■ Input material ■
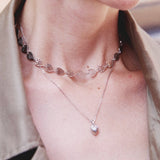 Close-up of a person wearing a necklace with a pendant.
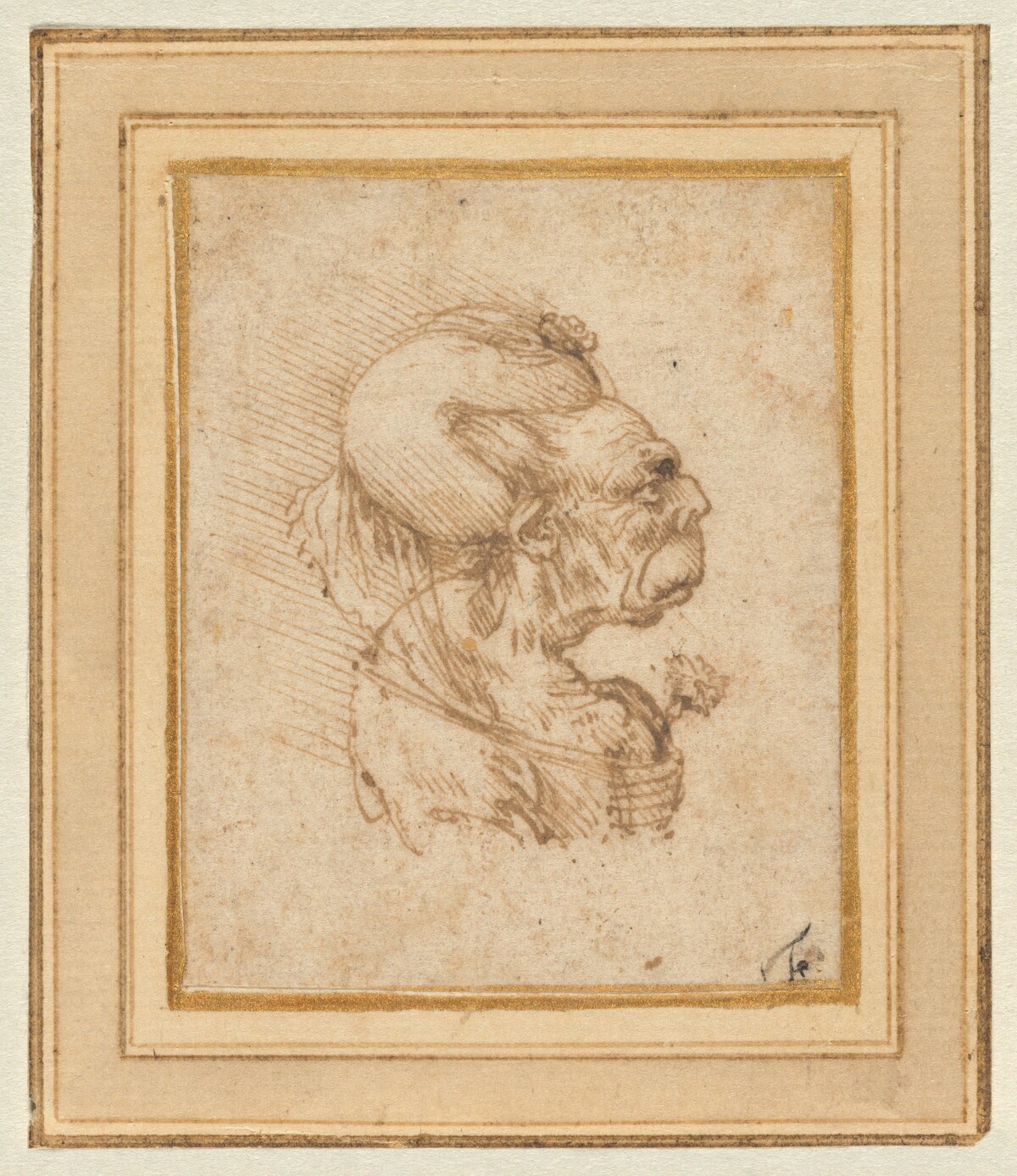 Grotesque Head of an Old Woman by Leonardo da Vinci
---
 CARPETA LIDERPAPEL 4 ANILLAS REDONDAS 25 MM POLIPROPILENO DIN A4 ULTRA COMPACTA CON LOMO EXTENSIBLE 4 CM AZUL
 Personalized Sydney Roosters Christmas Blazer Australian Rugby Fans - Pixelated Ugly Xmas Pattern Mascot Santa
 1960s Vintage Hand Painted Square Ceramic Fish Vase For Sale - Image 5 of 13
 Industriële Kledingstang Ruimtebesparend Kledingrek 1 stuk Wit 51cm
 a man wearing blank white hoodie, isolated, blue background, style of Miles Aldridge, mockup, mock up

■ Assigned task ■
Give again, exactly as written above, each line from the one that has "Close-up of a" to the one that has "Grotesque Head of", both included; omit the pictures.

■ Answer box ■
 Close-up of a person wearing a necklace with a pendant.
 Grotesque Head of an Old Woman by Leonardo da Vinci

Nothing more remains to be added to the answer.